[Start of Attachment]
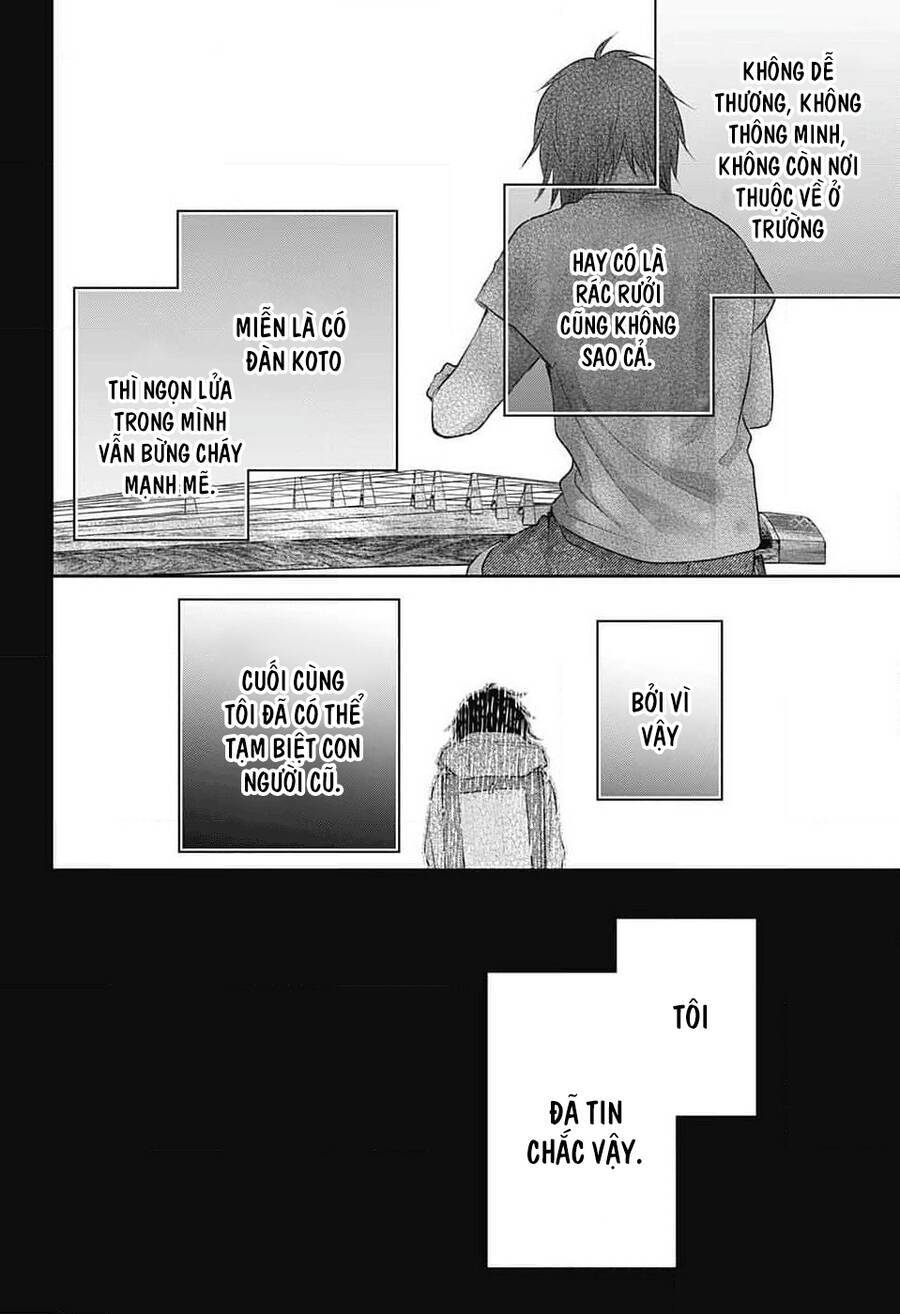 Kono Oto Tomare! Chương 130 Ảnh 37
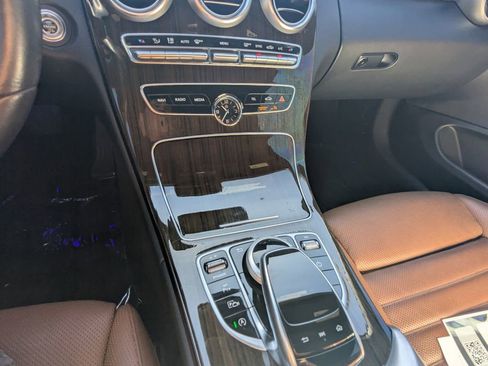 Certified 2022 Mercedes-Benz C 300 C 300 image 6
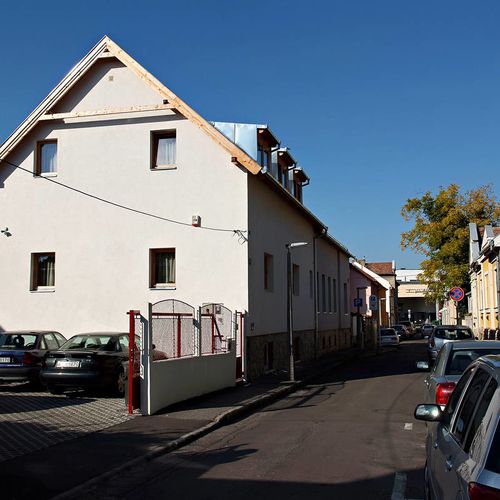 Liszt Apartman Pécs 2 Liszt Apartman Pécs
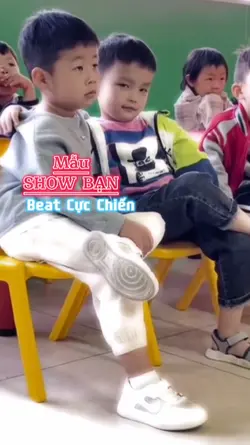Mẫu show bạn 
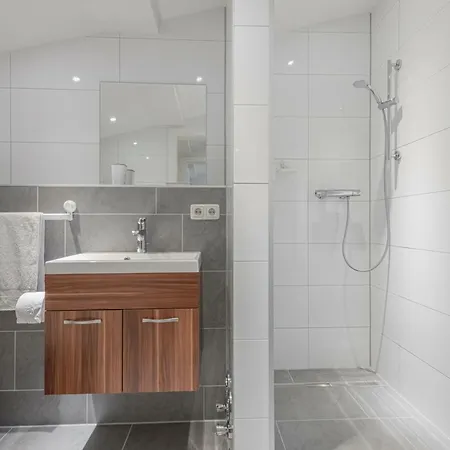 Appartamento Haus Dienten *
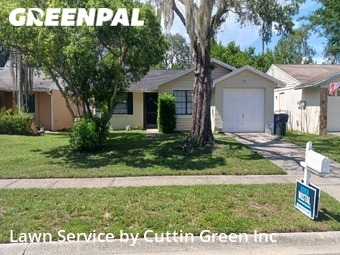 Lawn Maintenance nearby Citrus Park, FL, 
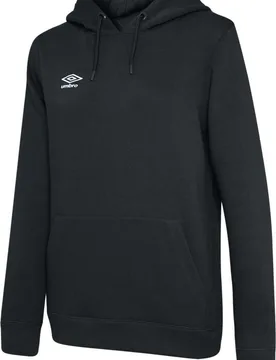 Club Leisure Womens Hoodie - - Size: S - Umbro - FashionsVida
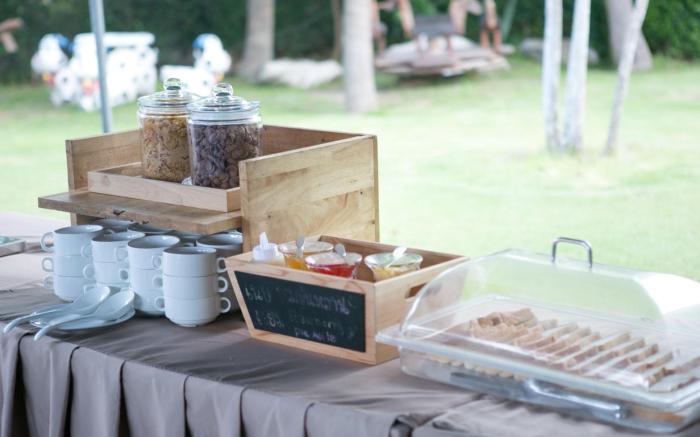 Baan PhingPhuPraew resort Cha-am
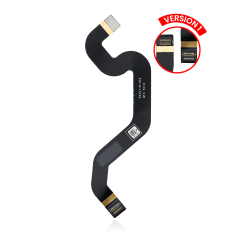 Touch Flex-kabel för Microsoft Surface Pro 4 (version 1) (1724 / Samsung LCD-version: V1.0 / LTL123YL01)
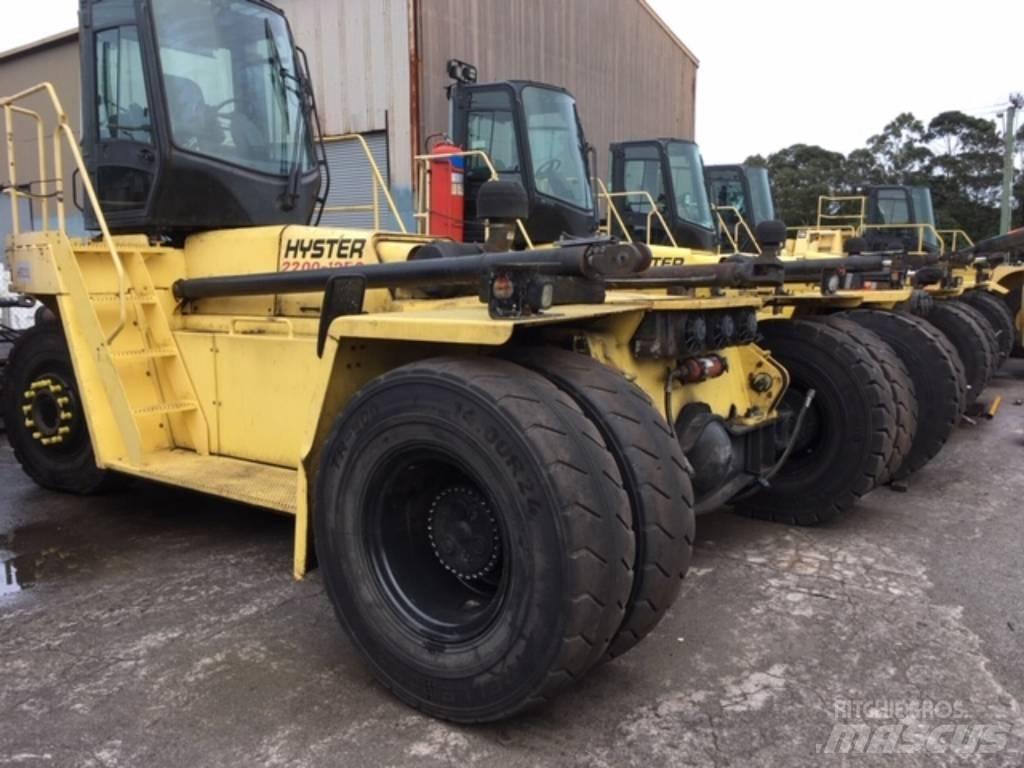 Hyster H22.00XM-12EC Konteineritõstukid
[End of Attachment]
(Problem details): Once the line with "Liszt Apartman Pécs 2 Liszt Apartman Pécs" has been found above, output that line and every later line exactly, stopping after the line with "Touch Flex-kabel för", and omit the pictures.

(Answer to this task):
 Liszt Apartman Pécs 2 Liszt Apartman Pécs
Mẫu show bạn 
 Appartamento Haus Dienten *
 Lawn Maintenance nearby Citrus Park, FL, 
 Club Leisure Womens Hoodie - - Size: S - Umbro - FashionsVida
 Baan PhingPhuPraew resort Cha-am
 Touch Flex-kabel för Microsoft Surface Pro 4 (version 1) (1724 / Samsung LCD-version: V1.0 / LTL123YL01)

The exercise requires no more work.